Nomilin is naturally occurring triterpenoids, have immunomodulatory activity.

Administration of Nomilin significantly retarded endothelial cell proliferation, invasion, migration and tube formation. It also possesses anti-proliferative activity against the number of human cancer cell lines including leukemia (HL-60), ovary (SKOV-3), liver (Hep G2), cervix (HeLa), stomach (NCI-SNU-1), and breast (MCF-7)[2]. Nomilin significantly decreased TRAP-positive multinucleated cell numbers compared with the control and exhibited no cytotoxicity. It decreases bone resorption activity and downregulates osteoclast-specific genes, NFATc1 and TRAP mRNA levels. Furthermore, Nomilin suppressed MAPK signaling pathways. Thus, Nomilin has inhibitory effects on osteoclastic differentiation in vitro[3].

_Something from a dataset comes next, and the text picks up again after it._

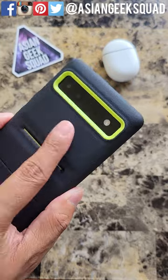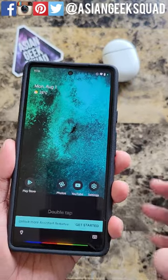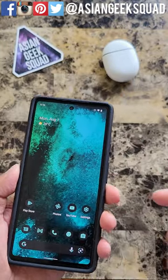Instead of saying the magic words, double tap, and there you go. Quick tutorial on Quick Tap.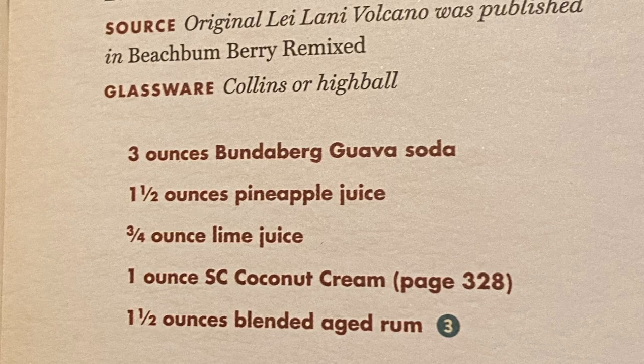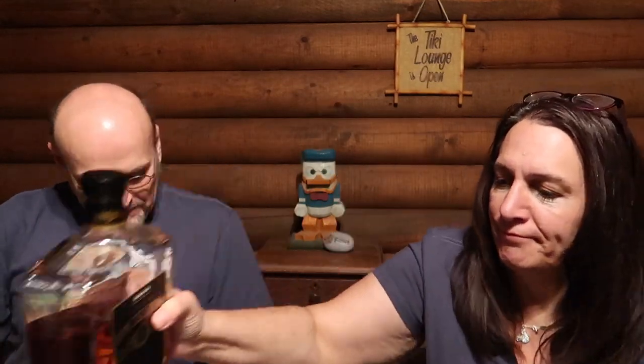Here's what goes in it: three ounces of guava soda, one and a half ounces pineapple juice, three-quarter ounces lime juice, one ounce coconut cream, and one and a half ounces blended aged rum — we're still using our ginormous bottle from Costco. We're using spiced rum; they're probably asking for a different kind but that's what we've got. They say to garnish with an edible orchid — we don't have that, so we'll use a cool umbrella.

Nomilin is an effective inducer of gluthathione S-transferase activity in mice and to inhibit carcinogenesis in the hamster buccal pouch assay. Nomilin can shorten anaesthetic-induced sleeping time in mice, probably through a stimulant action on the central nervous system [1]. Nomilin significantly inhibited tumour-directed capillary formation. Serum proinflammatory cytokines such as IL-1β, IL-6, TNF-α and GM-CSF and also serum NO levels were significantly reduced by the treatment of nomilin. Administration of Nomilin significantly reduced the serum level of VEGF, a proangiogenic factor and increased the antiangiogenic factors TIMP-1 and IL-2 [2].

Cell lines: HUVECs. Concentrations: 5 μg-500 μg/ml. Incubation Time: 48 h. Method:. HUVECs were seeded (5000 cells/well) in 96-well flat-bottomed titer plate and incubated for 24 h at 37 °C in 5% CO2 atmosphere. Different concentrations of Nomilin (5 μg-500 μg/ml) were added and incubated further for 48 h. Before 4 h completion of incubation, 20 μl MTT (5 mg/ml) was added. Percentage of dead cells was determined using an ELISA plate reader set to record absorbance at 570 nm.

Animal Models: Four to six week old male C57BL/6 mice. Formulation: light paraffin oil. Dosages: 6 mg/kg, I.P.